Where the streets have all names... the history of some local street names

Where the streets have all names... the history of some local street names

The first house and shops in Golborne were built along the present High St.  As the population grew and the town was developed northwards, the High St was extended and the newer stretch became known as Church St after the building of the parish church in 1849. 

The area’s industrial past are reflected in such names as Mill Lane, Tanner’s Lane, Gas St, Railway Rd and Slag Lane.  Farming influences can also be found – Barn Lane takes its name from one of Golborne’s two old tithe barns while Whitlow Ave and Braithwaite Rd take their names from the families who farmed the land they now occupy.  The name “hey” – as in Heywood Ave – is also retained locally to distinguish farmsteads.

Historical persons of importance have also left their mark on the area.  Salisbury St is named after Lord Salisbury, the prime minister and Legh St is named for the Lord of the Manor.  Property speculators are also remembered – Mr Barton kept  the off-licence where Barton St and Heath St join and he built the first two houses in what became known as Barton St.  His other significant role was as the keeper and driver of the public hearse (or shillibier as it was then known) when it was needed for burials at Winwick Church. 

As the town expanded, various roads were named after people important in local administration, which is how Caunce Ave, Prescott, Twist, Naylor and Barrowdale roads came to be named.
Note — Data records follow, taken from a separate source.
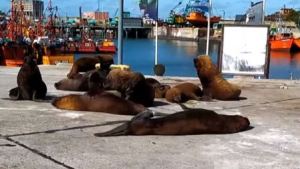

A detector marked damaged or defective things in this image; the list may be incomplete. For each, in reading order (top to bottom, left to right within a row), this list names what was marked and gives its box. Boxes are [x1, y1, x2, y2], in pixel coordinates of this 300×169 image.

crack in concrete [5, 137, 74, 168]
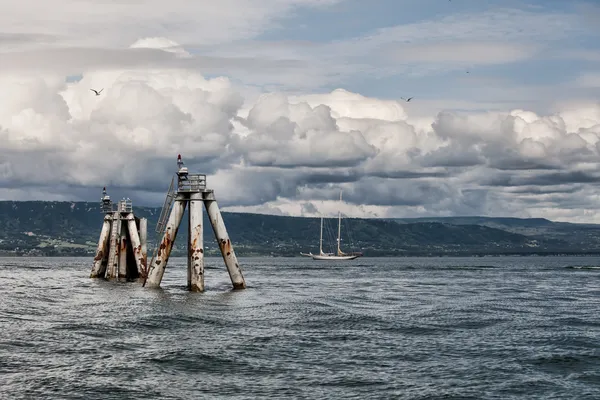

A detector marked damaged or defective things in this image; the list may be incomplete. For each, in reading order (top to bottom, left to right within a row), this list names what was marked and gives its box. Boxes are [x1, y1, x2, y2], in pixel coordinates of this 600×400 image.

rusty metal post [90, 216, 112, 278]
rusty metal post [125, 214, 146, 280]
rusty metal post [144, 198, 186, 288]
rusty metal post [188, 191, 204, 290]
rusty metal post [204, 195, 246, 290]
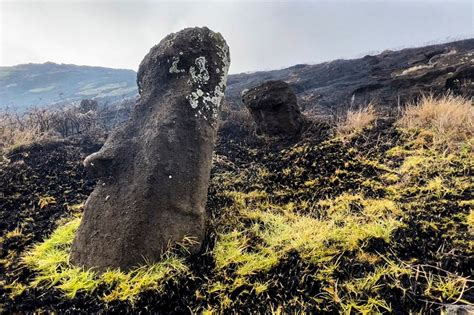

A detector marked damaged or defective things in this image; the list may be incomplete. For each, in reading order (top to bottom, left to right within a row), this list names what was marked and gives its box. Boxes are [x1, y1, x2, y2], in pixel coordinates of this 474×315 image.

damaged moai statue [71, 27, 231, 272]
damaged moai statue [243, 80, 306, 136]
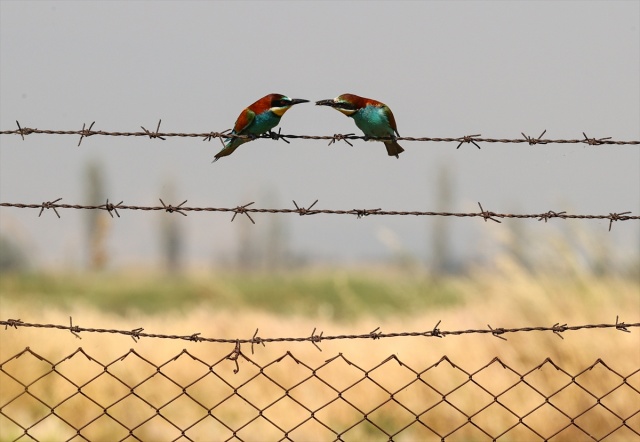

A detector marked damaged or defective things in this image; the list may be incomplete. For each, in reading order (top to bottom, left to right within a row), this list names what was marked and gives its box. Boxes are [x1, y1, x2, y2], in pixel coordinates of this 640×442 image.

rusty barbed wire [1, 121, 640, 148]
rusty barbed wire [0, 199, 636, 230]
rusty barbed wire [3, 316, 636, 350]
rusty barbed wire [1, 348, 640, 440]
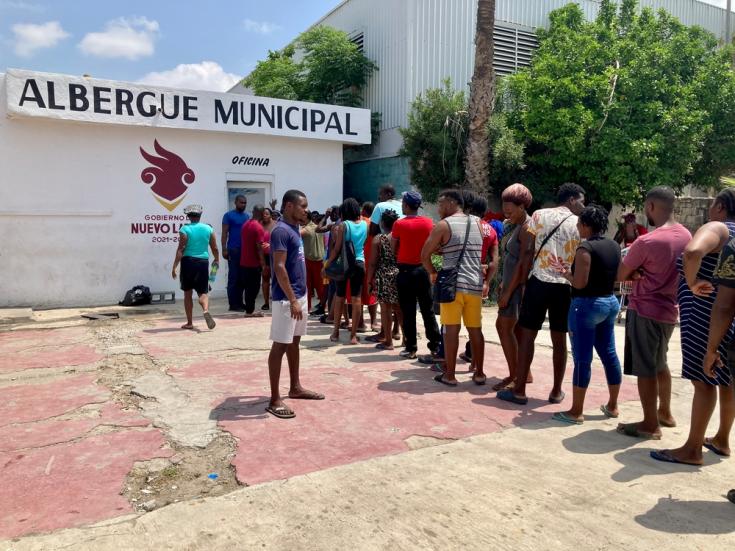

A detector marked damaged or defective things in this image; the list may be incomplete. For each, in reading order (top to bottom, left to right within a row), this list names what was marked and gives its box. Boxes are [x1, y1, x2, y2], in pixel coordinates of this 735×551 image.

cracked concrete pavement [1, 300, 735, 548]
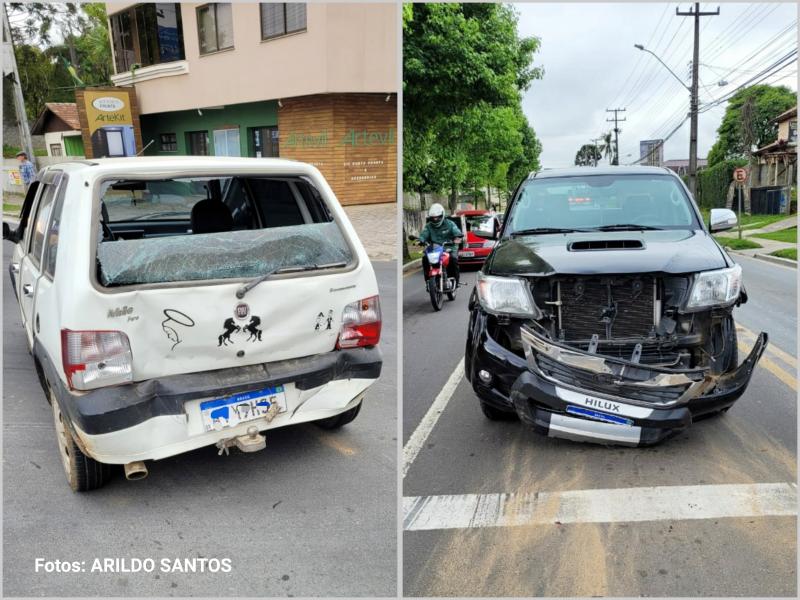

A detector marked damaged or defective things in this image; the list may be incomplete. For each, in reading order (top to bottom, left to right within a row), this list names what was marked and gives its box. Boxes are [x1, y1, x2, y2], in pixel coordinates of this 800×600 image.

shattered rear windshield [97, 175, 354, 288]
damaged front grille [556, 276, 656, 342]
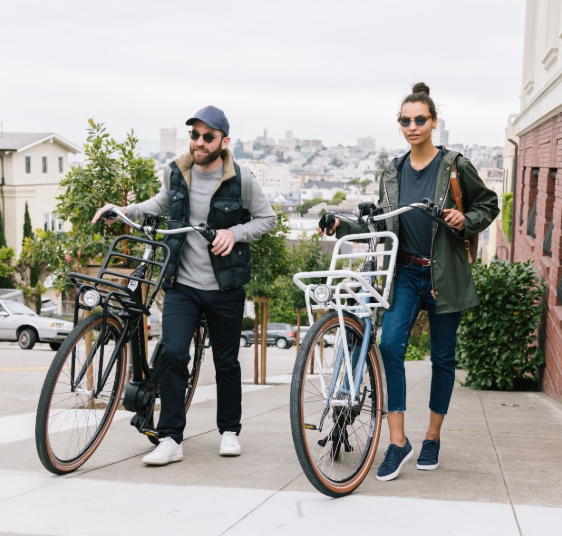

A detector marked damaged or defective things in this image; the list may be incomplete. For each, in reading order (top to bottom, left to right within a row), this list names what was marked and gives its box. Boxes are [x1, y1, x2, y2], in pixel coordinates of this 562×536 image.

One of the most unusual local street names is Hell Nook, just off Helen St and there are several stories alluding to the origin of the name.  One suggests that it was the abode of the district nurse and midwife who lived in a small cottage (now demolished).  Such women were in great demand for their skills, and often dismissed by the clergy as associating with the pagan rituals – hence the name.  Another suggestion is that “when open-air services were held, rowdies often set upon them to break them up.  Possibly the worshippers tired of’ turning the other cheek’ and set upon the disturbers with such violence that the places was like a ‘nook of hell’ while the fight lasted.”

A popular local story surrounds the naming of Pierpoint Rd, now the new housing development known as ‘Heritage Park’.  It is rumoured that this road was named after the last hangman in Britain, Alfred Pierpoint who did live in the North West.  In fact the road appears to be named after  Jane Pierpoint was resident of the original Town Farm which dated back to 1740 and was known for allowing non-comformists to worship in one of the farm buildings.